Título: 'A gente tem de sair deste nó'
Autor: Ribamar Oliveira
Fonte: O Estado de São Paulo, 22/05/2005, Economia, p. B4

BRASÍLIA - O líder do governo no Senado, Aloizio Mercadante (PT-SP), acha que a política econômica deve sofrer uma "inflexão". Ele considera que a valorização do real está permitindo que o Banco Central acomode as pressões inflacionárias decorrentes do choque de preços internacionais das commodities, como o petróleo e o aço, e dos preços administrados. Mas, afirma, não se pode usar a âncora cambial por um período de tempo muito prolongado, sob pena de se comprometer a capacidade exportadora e o crescimento de alguns setores da economia. Mercadante diz que isso ainda não está ocorrendo. "Acho muito importante que cuidadosamente, progressivamente, a gente saia deste nó." Elevar a meta de inflação para 2006, fixada em 4,5%, e trabalhar com um prazo mais longo para que ela seja obtida é a saída sugerida por Mercadante. A seguir, os principais trechos da entrevista:

Está ocorrendo quase uma unanimidade nacional contra a política de juros do Banco Central. Qual é a sua avaliação?

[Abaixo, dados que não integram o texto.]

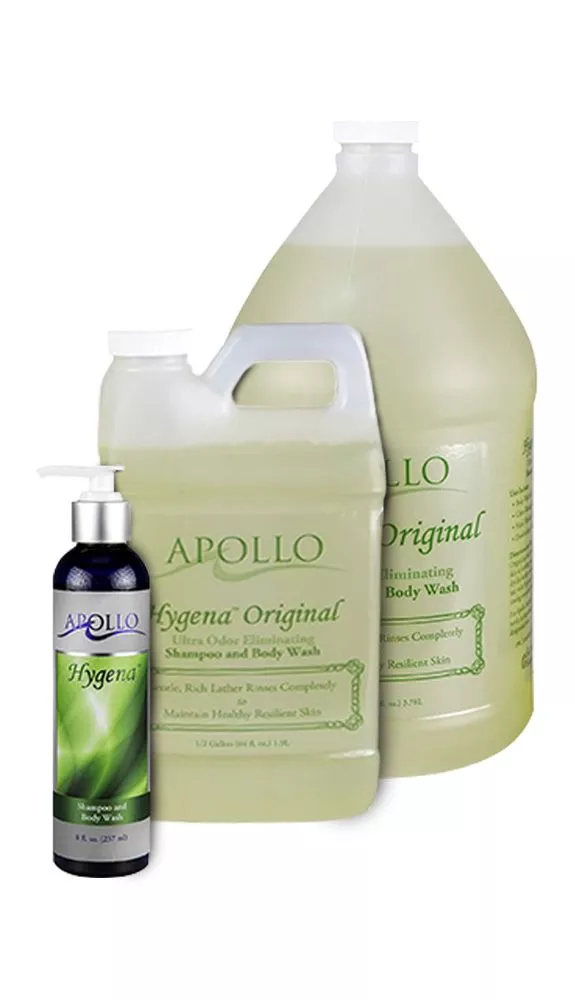 Apollo Hygena Shampoo and Body Wash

Em primeiro lugar, a política de juros é parte de uma política antiinflacionária que está utilizando a âncora cambial. Ela é usada para compensar o aumento de preços de commodities, tais como petróleo e aço, e os preços administrados dos serviços públicos e concessões. Os contratos desses serviços utilizaram indexadores inadequados e um marco regulatório muito precário, que decorreu do processo de privatização. Esses preços pressionam muito a inflação porque incorporam a variação cambial do passado.

A valorização do real é uma forma de compensar a elevação de preços das commodities?

Das commodities e dos preços administrados, que decorrem de contratos cujos indexadores são inadequados. A valorização do real ajuda a amortecer essa pressão inflacionária. Esse é o elemento central.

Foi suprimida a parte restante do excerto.